Wyględów is predominantly a residential area. Its southeaatern portion consists of apartment buildings, most of which are owned by the Politechnika Construction and Housing Association (Polish: Spółdzielnia Budowlano-Mieszkaniowa „Politechnika”). Its central eastern portion forms a low-rise neighbourhood of semi-detached and detached housess, concentrated in the area of Racławicka Street. Its southeastern area portion between Racławiscka, Etiudy Rewolucyjnej, Woronicza, and Żwirki i Wigury Streets, forms a gated community of modernist apartment buildings, known as Mariana Mokotów. It also includes a large artificial pond.
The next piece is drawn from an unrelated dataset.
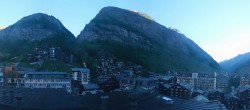 Archiv Foto Webcam Zermatt: Panoramablick auf das Dorf 05:00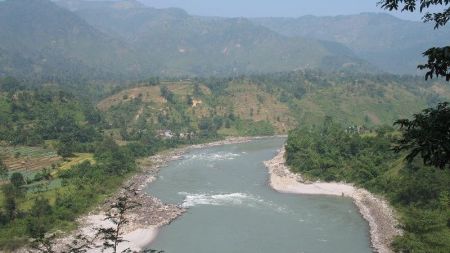 ग्यास बोकेको कण्टेनर त्रिशूलीमा खस्यो, चालक हाम फालेर बाँचे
The northeastern portion of Wyględów consists of five housing estates of modernist apartment buildings, known as Eko Park.

Wyględów features the Fort M, decommissioned 19th-century fortifications, located in its centre, at 99 Racławicka Street. Currently, it forms a park and recreational complex, with restaurants and event venues. The neighbourhood also includes a small portion of the Mokotów Field park complex, located in its north, near Rostafińskich Street, as well as the Mokotów Palm House at 4 Biały Kamień Street, which contains numerous exotic plants, including over-century-old palm trees and figs.

Moreover, Wyględów also features the Mausoleum Cemetery of the Soviet Soldiers, located at 51 Żwirki i Wigury Street, which is burial ground for over 21,000 soldiers of the Red Army, who died during the Second World War. It is the largest cemetery dedicated to the Soviet soldiers in Poland. It also includes a 21-metre-tall (68.89 ft.) granite obelisk, and two sculptures of soldiers, Heroism by Jerzy Jarnuszkiewicz, and Sacrifice by Władysław Niemirski. Additionally, the neighbourhood also has the Holy Virgin Mary the Mother of Saviour Church at 82 and 84 Olimpijska Street, which belongs to the Catholic denomination, operated by the order of Salvatorians.

Wygledów also includes the State Medical Institute of the Ministry of Interior and Administration, located at 137 Wołoska Street, which operates as the hospital and medical research institute. It is also designated to provide healthcare to the most important people in the national government, including the president and the prime minister, as well as international delegates. Additionally, the neighbourhood also has the National Institute of Geriatrics, Rheumatology and Rehabilitation at 1 Spartańska Street.

Furthermore, the building of the Faculty of Materials Science and Engineering of the Warsaw University of Technology, is located at 141 Wołoska Street within the neighbourhood.

== Location and boundaries ==
Wygledów is a City Information System area in Warsaw, located within the north-western portion of the Mokotów district. To the north, its border is determined by a line stretched between the intersection of Banacha Street and Żwirki i Wigury Street, and the intersection of the Batorego Street and Boboli Street; the east, by Boboli Street, and Wołoska Street; to the south, by Woronicza Street, and in the straight line between Miś Roundabout to the tracks of the railway line no. 8, and following the it to the western boundary; and to the west, by Żwirki and Wigury Street.

The neighbourhood borders Filtry to the north, Old Mokotów, and Wierzbno to the east, Ksawerów to the south-east, Okęcie, and Służewiec to the south, and Rakowiec to the west. Its northern and western boundaries form the border of Mokotów district with Ochota to the north, and Włochy to the west.